▶ Task details: Print the listing below only from the line that has "Used 2021 Chevrolet" through the line that has "Reviewing Transformers Legacy", exactly, and drop any picture.

▶ Dataset extract:
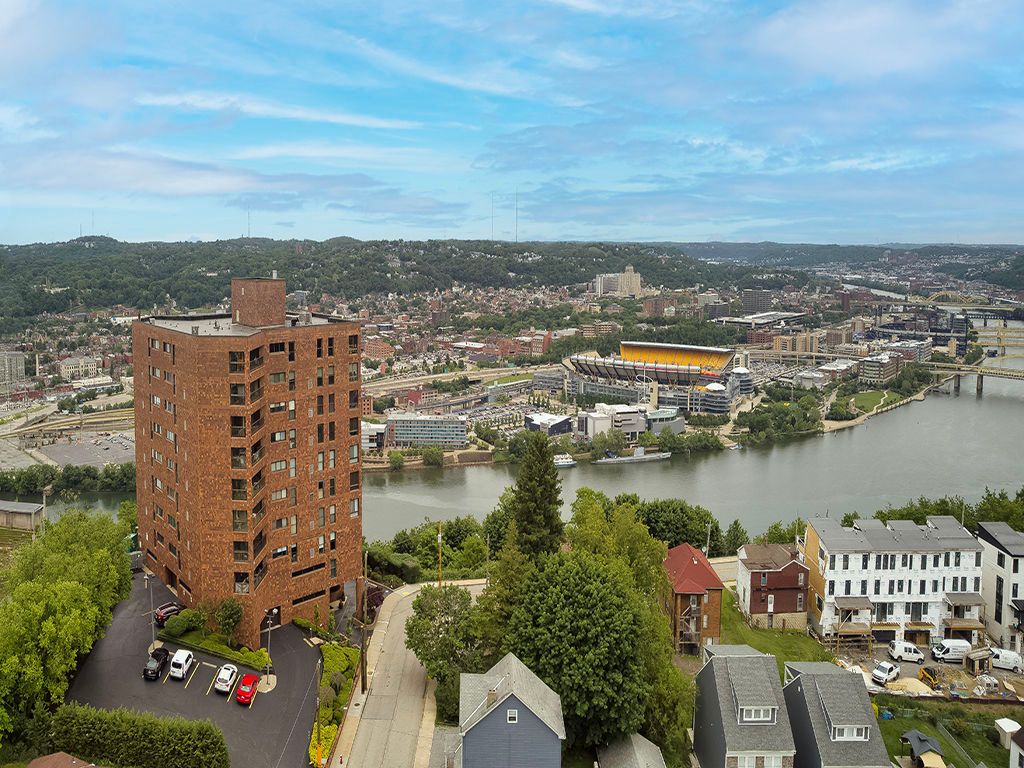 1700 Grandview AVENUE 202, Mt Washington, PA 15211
* * *
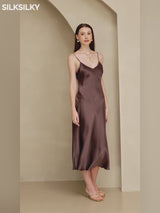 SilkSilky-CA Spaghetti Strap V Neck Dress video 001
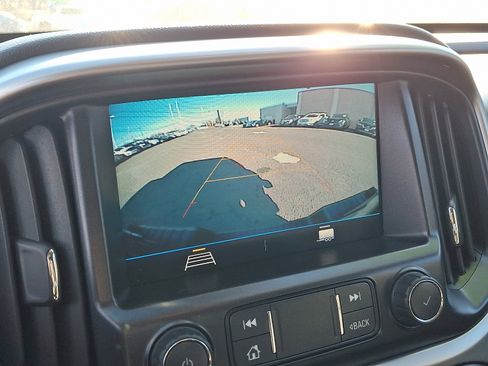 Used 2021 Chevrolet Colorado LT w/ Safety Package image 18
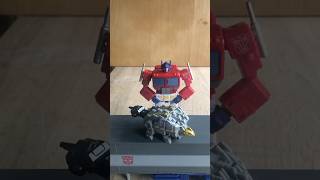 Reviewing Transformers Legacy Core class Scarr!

▶ Response to this exercise:
 Used 2021 Chevrolet Colorado LT w/ Safety Package image 18
 Reviewing Transformers Legacy Core class Scarr!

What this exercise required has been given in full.